Word for word, set down the lines from the one that contains "Tech Bubble Live Wallpaper screenshot 8 Tech" through the final line of the data; no pictures belong in the copy.

[[ RECORDS SHOWN open ]]

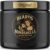 Beards & Bombshells Hydrating Beard Butter, Light Whipped, Non-Greasy, Softens Hair, Tames Frizz, Adds Light Shape (Masculine Cologne-inspired)
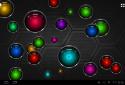 Tech Bubble Live Wallpaper screenshot 8 Tech Bubble Live Wallpaper screenshot 8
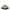 Stella McCartney Beige Leather Slippers Sandals Stella McCartney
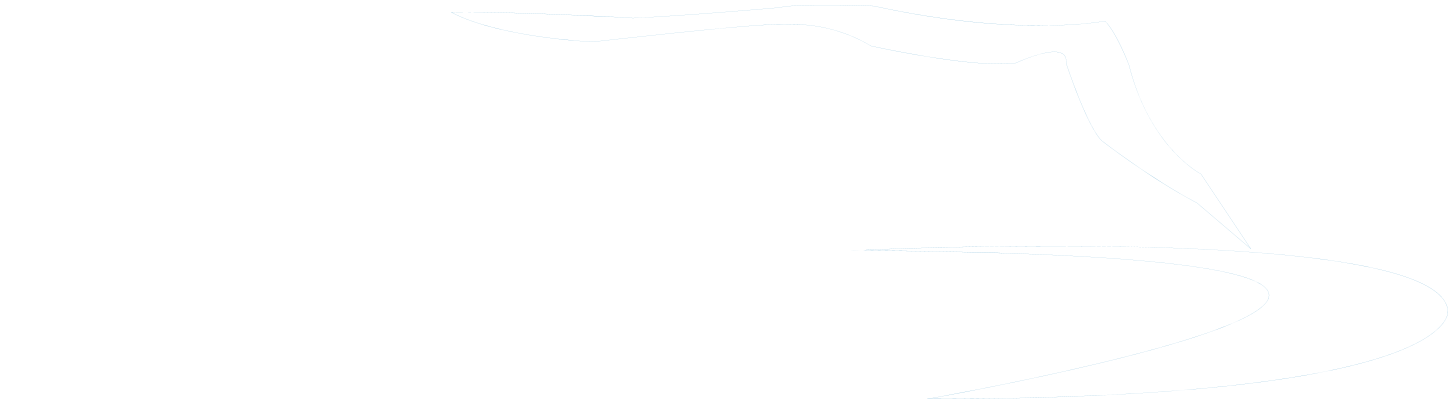 Missions Conference VBC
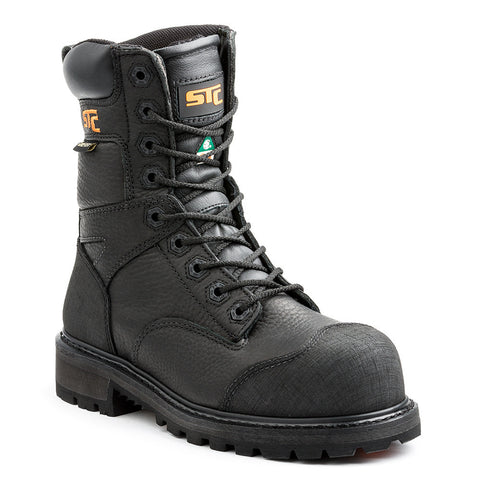 work authority work boots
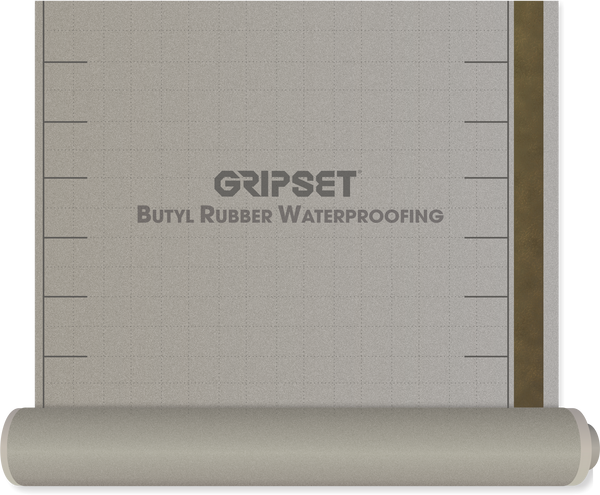 Gripset BRW PF-N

[[ RECORDS SHOWN closed ]]

* **SOLUTION TO THIS TASK**:
 Tech Bubble Live Wallpaper screenshot 8 Tech Bubble Live Wallpaper screenshot 8
 Stella McCartney Beige Leather Slippers Sandals Stella McCartney
 Missions Conference VBC
 work authority work boots
 Gripset BRW PF-N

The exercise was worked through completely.